Take the repeated scenes where McCreadie walks away from deals until the price falls. (There’s only one where they even compromise, the others he wins outright.) This is presented as down to his strength of personality, his hard-headed business acumen. Intangible qualities we don’t seem to possess. Just the way you imagine the real Green sees it. And this spins the circularity of their logic. “I must be special because I am so rich. And I got rich because I am so special.”

But that’s not the way it works. It’s not because, to use another repeat scene, he’s great at cards. It’s because he’s holding the cards. When Green sold BHS it was for a pound. Was his strength of personality missing that day, or was he no longer in a buyer’s market?

Green, Cummings, Belfort and Zuckerberg make themselves out as larger-than-life colourful characters. But they simply aren’t. They’re the banality of evil personified. They succeed because they benefit from a system built to benefit them, like winning cards with a rigged deck. They’re symptoms, not the disease.

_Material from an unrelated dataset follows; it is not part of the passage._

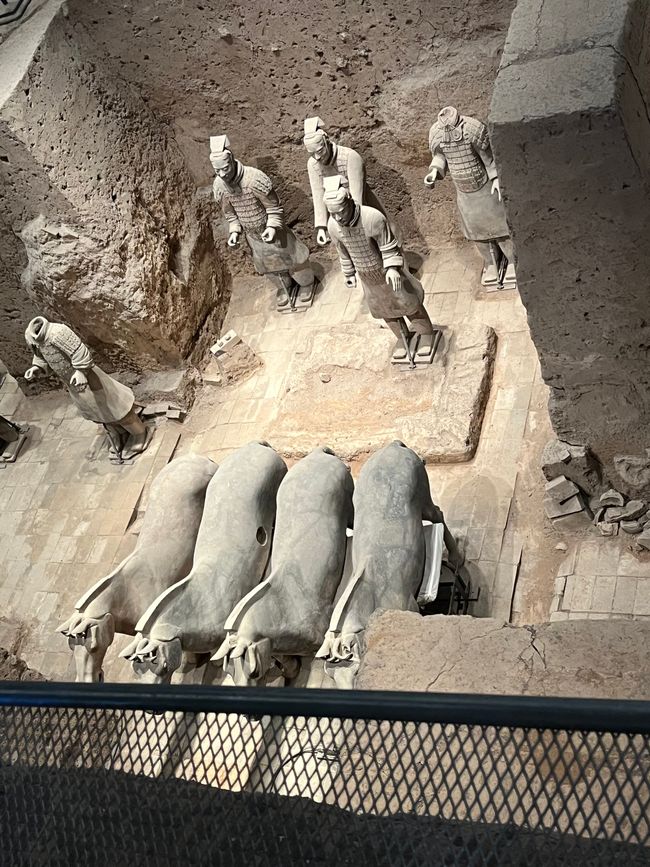 Die Pferde, die den Streitwagen ziehen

To the film’s credit, it doesn’t pretend to have a solution. It manufactures a timely demise and appropriate comeuppance for McCreadie. (Green is unfortunately yet to do something useful like feed a hungry animal.) But it makes clear that not only will his estranged son take his place, his being so estranged will make this easier. This isn’t the way old family shops would proudly add “and son” to their sign, secure in the knowledge he’d diligently keep the business running as an heirloom for his own kids. He will slash and burn his way through it, just as Green did the enterprises he took over.

If you ask what Philip Green is like, “he’s a self-serving arsehole and sponging spiv” isn’t a very surprising answer. But more to the point it isn’t a very useful answer. The real question is - what do we do about bullies and parasites like Philip Green?

The presumption is that we Little People, constrained by groupthink such as moral codes, need these Big People who function outside of all that. So they can do the stuff we can’t. Yes we do lack agency but that’s not down to personal lapses, it’s because we live in a society organised around denying us that agency. 

Proving the Big People are Bad People doesn’t undermine any of that, they just claim to be necessary monsters. (We’re told he gave himself the nickname Greedy McCreadie, as a sort of self-mythologising stunt.) Think of those who readily concede Trump’s boorish behaviour and reality-deficient ranting is “unpresidential”, but consider that the inevitable price of having “a strong man in charge”.

What we need to do is break this absurd binary. And you do that by reversing the perspective, stopping seeing them as the centres of gravity around which the rest of us orbit. Many years ago Joe Strummer sang “I don’t want to know what the rich are doing.” We were smarter then.

And what sort of film could do that? We need to switch the camera back until it focuses on us again. Let’s say, for the sake of argument, the masses won’t turn out for ‘Sorry We Missed You’. (Even if I suspect people prejudge Loach films as worthy drudges, when they’re actually quite compelling to watch.) But, and I mean this entirely seriously, what about ‘Joker’? A film which starts by homing in on the little guy standing on the street outside a closing-down store, not the corporate bozo who shut the store.